By Genevieve Bach, CIPD Public Affairs Manager, @gen_bach


Today (13 June) saw the launch of the Government’s Fuller Working Lives strategy – a framework for action that encourages businesses to realise the benefits of embracing older workers and help them to remain in the labour market.


This strategy comes at an appropriate time.  There are more over-50s in employment now than ever before (8.9 million, compared to 7.2 million ten years ago).  CIPD research shows that many older people are choosing to work longer for financial reasons, but that many also value the personal fulfilment and social interaction that work provides.  On the other hand, there is still a problem with early exit from the labour market, with over half of men and women having stopped working before they reach the State Pension Age.  This poses a challenge to businesses, whom Pensions Minister Steve Webb is right to call upon to recognise the importance of older workers and adapt their recruitment and retention strategies accordingly.
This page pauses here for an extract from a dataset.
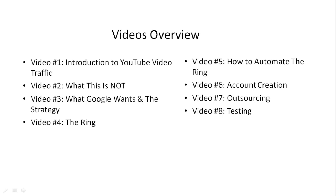Video number two covers what this is not. There are a lot of assumptions in the online marketing world, and we don't want to get mixed in with that nonsense, so we cover this first so you don't make the same mistakes as everybody else.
The CIPD has long made the case for the importance of older workers to businesses and society.  Our research shows that employers are overwhelmingly positive about the benefits older workers bring to their organisation, valuing their skills, knowledge and experience.  Long before the removal of the Default Retirement Age (DRA), many employers removed age from their application forms, with many more offering flexible working and retirement opportunities, which can be particularly attractive to older workers, long before the extension of the right to request that will come into effect this month. 


But it’s not just a case of “so far, so good” – simply retaining older workers will not be enough to capture the talent and skills employers will need for sustained economic success.  Older workers, like everyone else, need to be managed, trained and developed properly if they are to be motivated to stay with an employer and be as productive as possible – and this is where more action is needed to build on the success that has been achieved so far.  Many organisations provide training for all employees, regardless of age, but this is not always enough.  Older workers can “de-select” themselves from training and development, so there is a case for employers approaching their older workers more directly when relevant opportunities arise, explaining how it may benefit them and their performance.


Employers will also have to do even more to ensure they have age-inclusive recruitment practices, boost flexible working practices, and focus on extending inclusive provisions to safeguard the health and wellbeing of all employees into old age, to ensure employers, older workers, our economy and wider society benefit from us all living and working longer. 


*CIPD has worked with the Scottish Centre for Healthy Working Lives to produce guidance on Managing a healthy ageing workforce.